Plus, there have been plenty studies looking at specific nutrients or chemicals which either improve or worsen memory. If you’re unsure, start with a healthy diet overhaul and take it from there.

6. Eating well at home

If the person you’re caring for is staying at home, they will need as much help and support as possible to ensure they can eat well, and easily.

Food preferences

If an outside carer comes in on a regular basis to cook meals or do shopping, make sure they know the likes and dislikes of the person with dementia so they can ensure the food gets eaten. Of course, they’ll also need to be flexible, as sadly, one of the effects of dementia is that people often can’t remember if they even like one food over another.

Shopping methods

Internet shopping can be a useful way of getting all the food needed from the comfort of their home. You could sit down together and pick out foods and meals that they’ll enjoy, making sure you show them pictures of the foods as you add them to your online basket. Try to book the food to arrive when you’re in attendance so that the person you’re caring for won’t feel panicked about letting a stranger in to deliver the food.

Snacks and drinks

As well as meals, you’ll need to make sure that they have access to regular snacks. You may find they prefer to graze little and often rather than sitting down for three standard meals (especially if memory problems mean they’re forgetting when they last ate). Opt for healthy snacks that require minimal preparation, such as cut up fruit, nuts, oatcakes or crackers or a small yoghurt or lump of cheese. Likewise, ensure that they have access to drinks – be it tea, coffee, juice or water – so that they stay hydrated through the day.

7. Getting involved

Remember, food and drink can be a perfect opportunity for engaging the person with dementia in daily life and conversation. Food can be a talking point, a way to meet up with other people, and a chance to help them feel purposeful and useful.

Helping with food prep

This is a great way for boosting self-esteem, encouraging appetite and helping someone feel useful and valued. It could be something as simple as buttering some bread, stirring soup, peeling vegetables or chopping up some fruit. If they’re able to do it, then let them.

Laying the table

Like food prep, this can be a useful way of helping to encourage someone to get involved in daily life and chores. Just be aware that they may struggle with what pieces of cutlery or crockery go where. Just give them plenty of time and help out if they’re having difficulty. You can also get special placemats which make it clear where knives, forks, spoons and plates should be placed on the mat.

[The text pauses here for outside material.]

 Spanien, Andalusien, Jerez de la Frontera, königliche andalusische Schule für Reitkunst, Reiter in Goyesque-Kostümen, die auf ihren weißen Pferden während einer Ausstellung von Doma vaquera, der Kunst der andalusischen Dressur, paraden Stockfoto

Socialising and reminiscing

Food preparation and eating can be great tools for encouraging social behaviour and to prompt memory. Finding out what their favourite meals are, particularly ones that have played an important part in their past, could be a very useful reminiscence tool. You can then serve up these foods as a way of sparking up chats and conversation.

Food can form the basis of social events for the person you’re caring for. You could hold themed meal nights – related to a particular country’s cuisine for example – or tie food in with particular events. So serve up strawberries and cream when Wimbledon tennis is on the television, or hot cross buns during Easter.